A suspensão das PDP´s nos soa muito estranha, como a maioria das medidas tomadas nos últimos 200 dias. Não há estudo que comprove o impacto da suspensão da produção desses medicamentos pelo Governo Federal, não há, em verdade, justificativa plausível para tal medida, nada que salte aos olhos, além do oculto intuito de contribuir para o lucro das empresas farmacêuticas.

Muito interessante lembrar que a emergência é uma das poucas hipóteses de dispensa de licitação previstas em lei, ou seja, caso demonstrada a emergência para a compra, pelo poder público, de determinados medicamentos, não há necessidade de realização de concorrência licitatória, seja qual for a modalidade, entre as empresas que o produzem.

O que isso quer dizer na prática? Que o governo pode escolher de quem comprar, sem os trâmites licitatórios e a concorrência habitual, ou seja, o governo pode escolher beneficiar x ou y com a compra dos medicamentos.

Agora é com você, leitor, o que lhe parece?

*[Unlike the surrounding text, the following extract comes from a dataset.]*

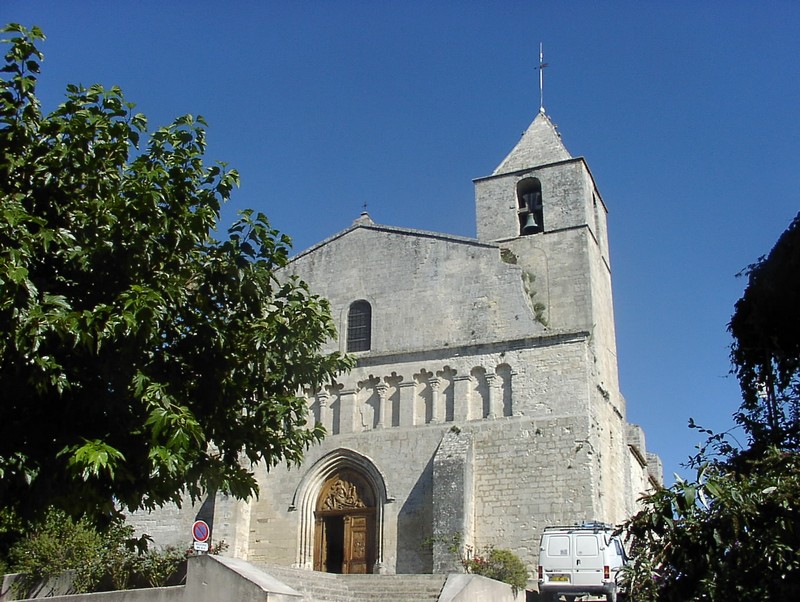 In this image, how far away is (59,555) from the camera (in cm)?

Qual foi o objetivo do Governo com essa suspensão? Otimizar o serviço público? Melhorar a vida e a dignidade do usuário? Ou seria forçar aqueles que dependem desses remédios a comprá-los com o dinheiro de suas aposentadorias (se acalme, logo falaremos desse assunto)? Ou, até mesmo, comprar os medicamentos sem licitação, já que, a população pode morrer sem insulina, por exemplo, o que gera emergência.

Há muitas perguntas pairando… mas cabe mais uma bem importante aqui: qual a prioridade dessas medidas e desse Governo? Nós ou as empresas?

Bom, parece que começamos a entender o que o Presidente queria dizer quando afirmava que Direitos Humanos não teria espaço em sua gestão: é porque este é um Governo virado para empresas e dinheiro.

E que morram os pobres e necessitados, o que importa é lucrar!